Figure 3. Temporal and perpendicular baseline of Sentinel-1 data used. Red dots indicate the SAR acquisition epochs.

To investigate the driving mechanisms of subsidence, Our study integrated multi-source geospatial factors, including geology, topography, land use, building information, and groundwater-related variables. All data were uniformly projected, resampled, and standardized. Soft soil distribution was derived from a regionally interpolated map based on engineering borehole data from Liu et al. (2022). Topographic information was obtained from the 1-arcsecond SRTM DEM (Farr et al., 2007). Land use data were used to identify construction sites and custom rural houses near rivers. Construction areas were manually interpreted from multi-year high-resolution remote sensing images, while custom rural houses were characterized by small area, low rise, and clustered distribution along rivers. Building height was used as a proxy for structural load, with floor count data sourced from Che et al. (2024). As the unavailability of groundwater monitoring data in the region, and considering that groundwater extraction mainly originates from saline aquaculture, coastal aquaculture zones were adopted as a proxy to assess the potential influence of groundwater on subsidence. After variable preparation, a Random Forest regression model (Breiman, 2001) was applied to model subsidence rates and attribute contributing factors (Strobl et al., 2008; Groemping, 2009). The response variable was the subsidence rate derived from InSAR, and the explanatory variables consisted of the standardized spatial factors. The model was configured with 500 trees, a maximum tree depth of 10, and a minimum of 15 samples per leaf. Seventy percent of the data were used for training, and the remaining 30% were used for validation. The model performance was evaluated via cross-validation, with overall accuracy assessed using the coefficient of determination (R2) and root mean square error (RMSE).

3 Results

3.1 Spatiotemporal subsidence characteristics

3.1.1 Spatial distribution characteristics

This study employed the TS-InSAR technique to derive time-series Subsidence results in Nansha District. The spatial distribution of the subsidence rate is illustrated in Figure 4, where positive values indicate ground subsidence. Subsiding areas are primarily concentrated in Dongchong Town, Wanqingsha, Nansha Street, and parts of Dagang Town. Notably, regions with greater soft soil thickness and high construction intensity exhibit significantly higher subsidence rates compared to surrounding areas.

Figure 4
Map (A) shows land deformation rates in a region using a color scale, from blue (50 mm/yr uplift) to red (-50 mm/yr subsidence). Graph (B) is a histogram depicting the number of points against subsidence rate, peaking near zero. Graph (C) is a histogram showing frequency distribution by standard deviation, with a higher frequency at lower standard deviation values.
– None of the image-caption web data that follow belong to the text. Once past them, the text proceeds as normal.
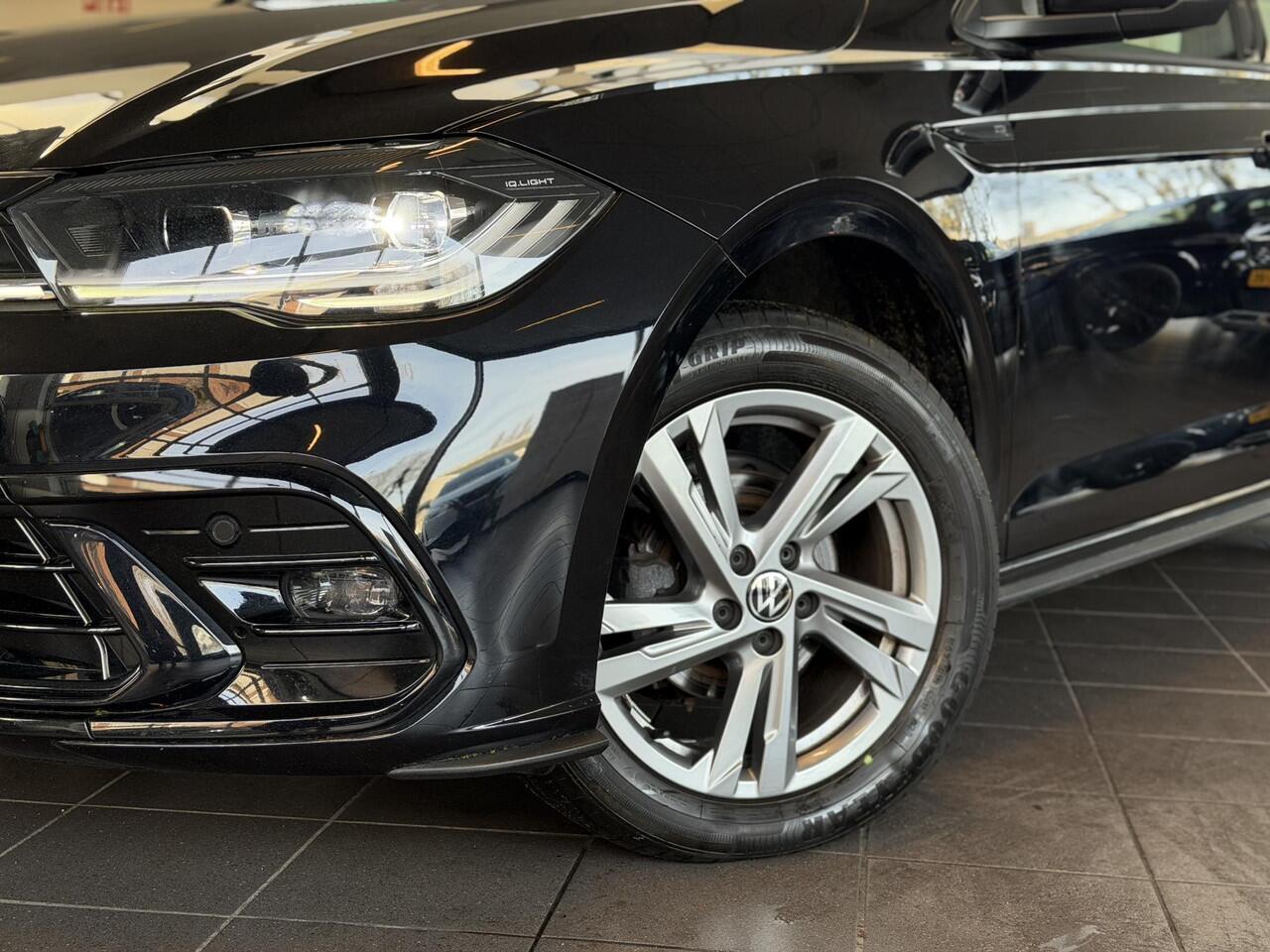 Volkswagen POLO 1.0 TSI R-Line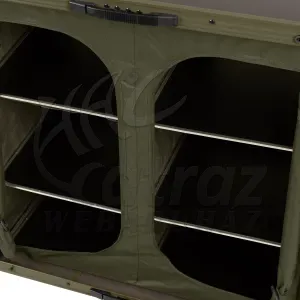 Trakker Bivvy Storage XL - Nagy tároló szekrény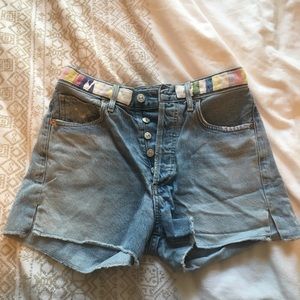 Citizens of Humanity Premium Vintage Jean Shorts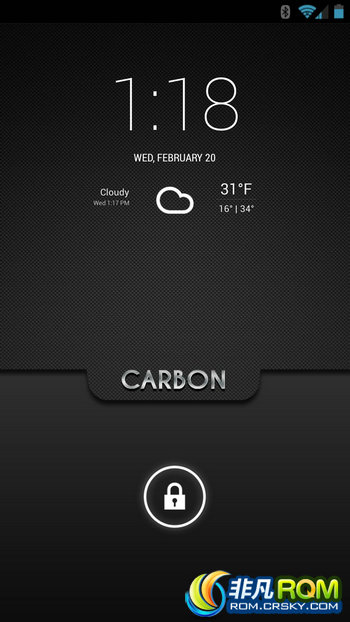 Galaxy Note2(N7100)ROM Carbon ԴAOSP Զ ȶɿ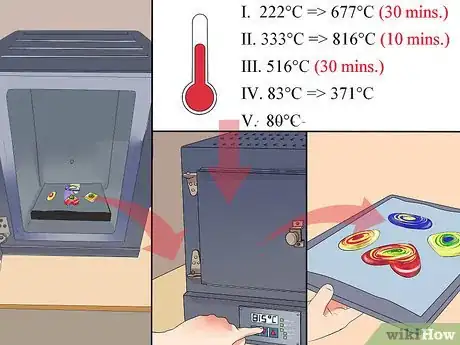 Image titled Make Fused Glass Cabochons Step 18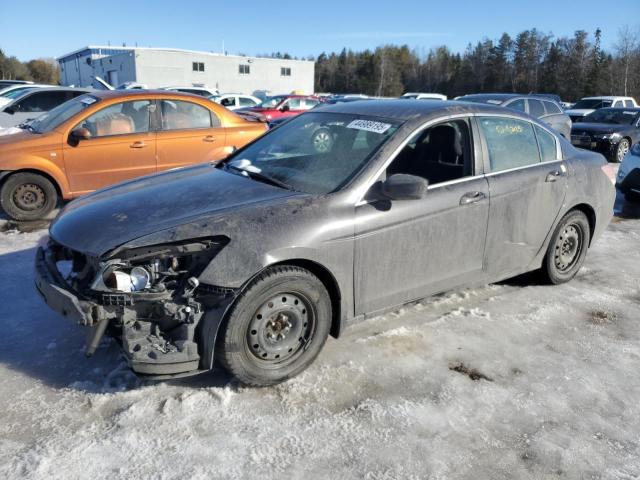 HONDA ACCORD SE 2011 with VIN 1HGCP2F63BA801424 - Photo from auction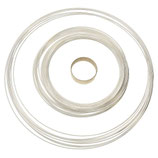 Memory Wire - Silbrig Assortiment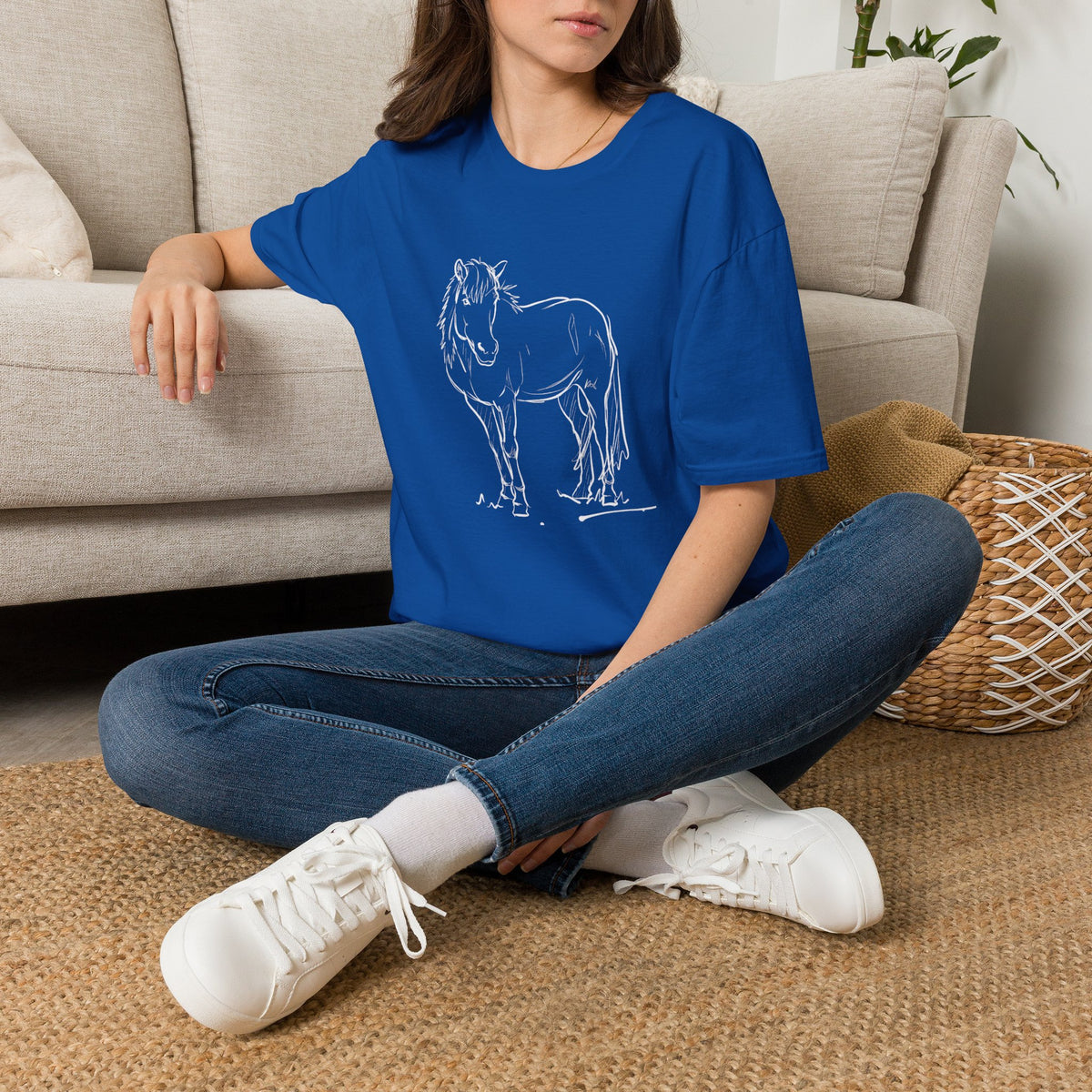 The Glytja Tee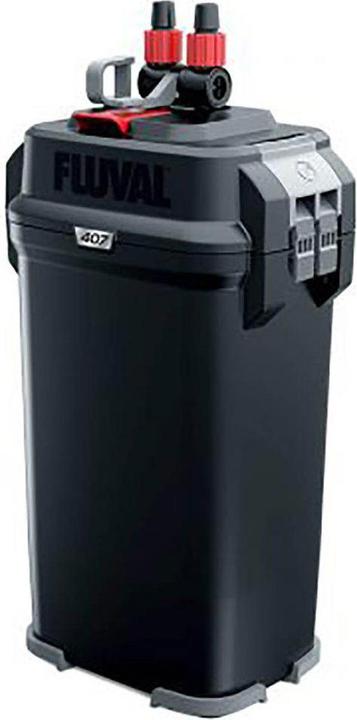 Actual product image Fluval 407 (500 l, External filters)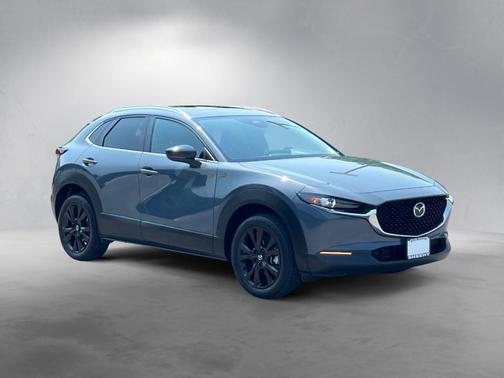 2024 Mazda CX-30 2.5 S Carbon Edition
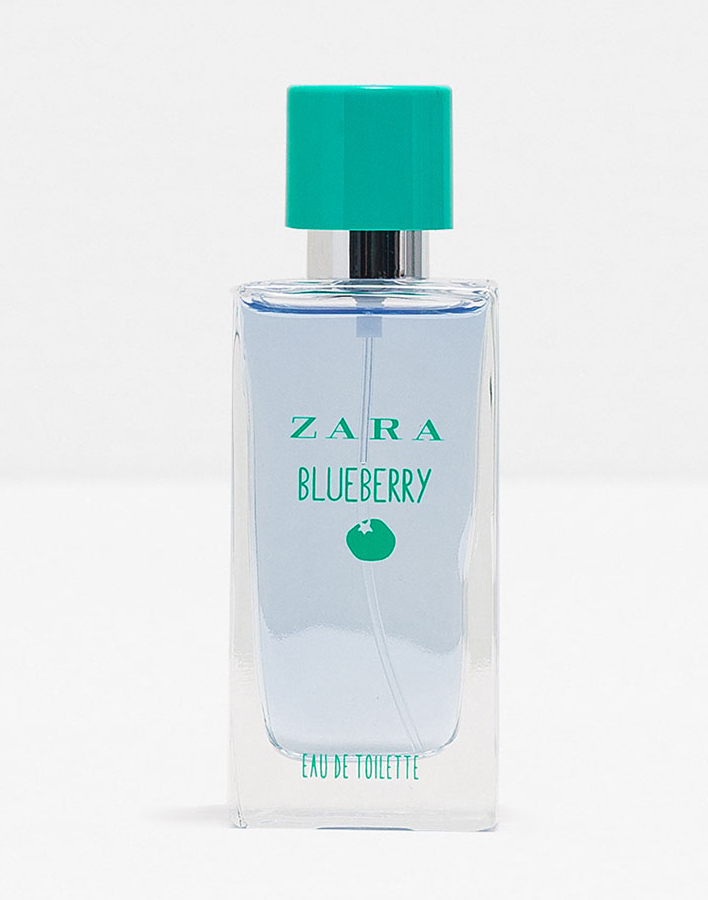 عطر ادکلن زارا بلوبری زارا - Zara Blueberry Zara - بررسی، قیمت و خرید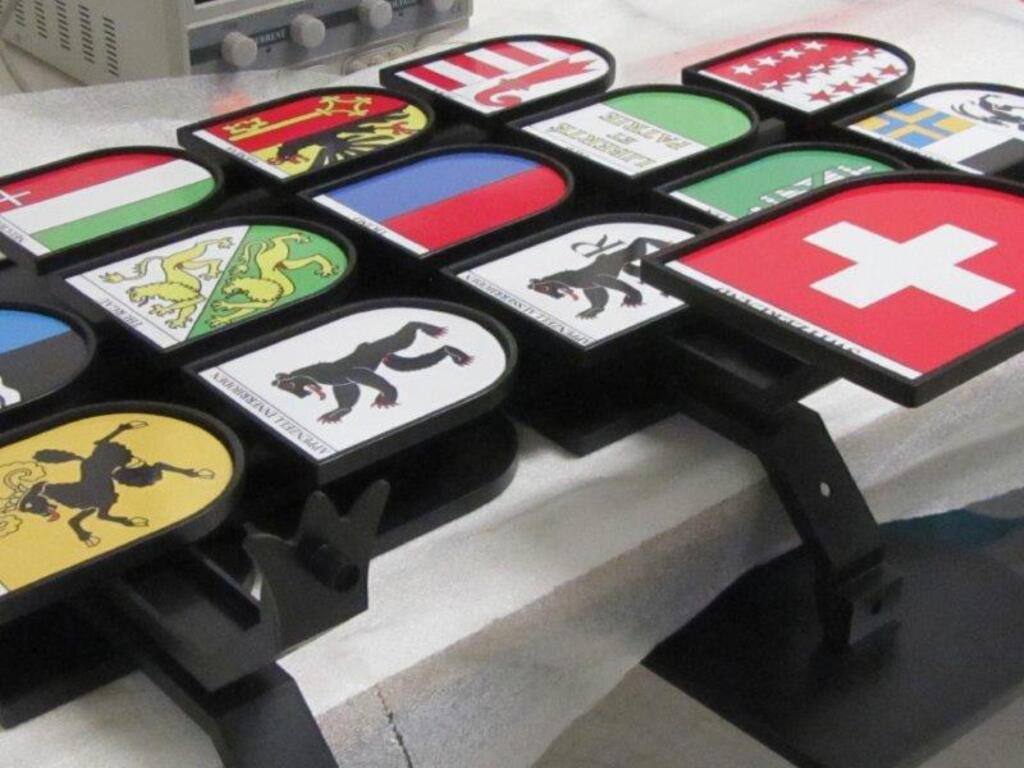 Commission for a Swiss Canton Sign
Figure 4. Map of deformation rate in Nansha (Negative values represent subsidence): (A) Subsidence rate from 2019 to 2023, White solid polygons represent the primary subsidence bowls; (B) Distribution of subsidence rates; (C) standard deviation distribution.

A total of 225,370 measurement points were obtained in the subsidence rate map. The maximum subsidence rate reached 283.7 mm/year. Among all points, 10,114 (4.5%) exhibited subsidence rates exceeding 40 mm/year, indicating severe localized subsidence. Within these, a critical subset of 2,106 points (0.93% of all points) exhibited extreme rates surpassing 100 mm/year. These points are predominantly concentrated within several pronounced subsidence bowls—primarily located in the intensive construction area of Wanqingsha and the deep soft soil/groundwater exploitation zone of Longxue Island in the south—which are outlined as the key risk zones in Figure 4A. Furthermore, 10.3% of the points showed notable subsidence (≥20 mm/year), while 18.8% experienced mild subsidence (>5 mm/year and <20 mm/year). The majority of points (53.7%) remained relatively stable or showed slight uplift, with subsidence rates ranging between −5 mm/year and 5 mm/year.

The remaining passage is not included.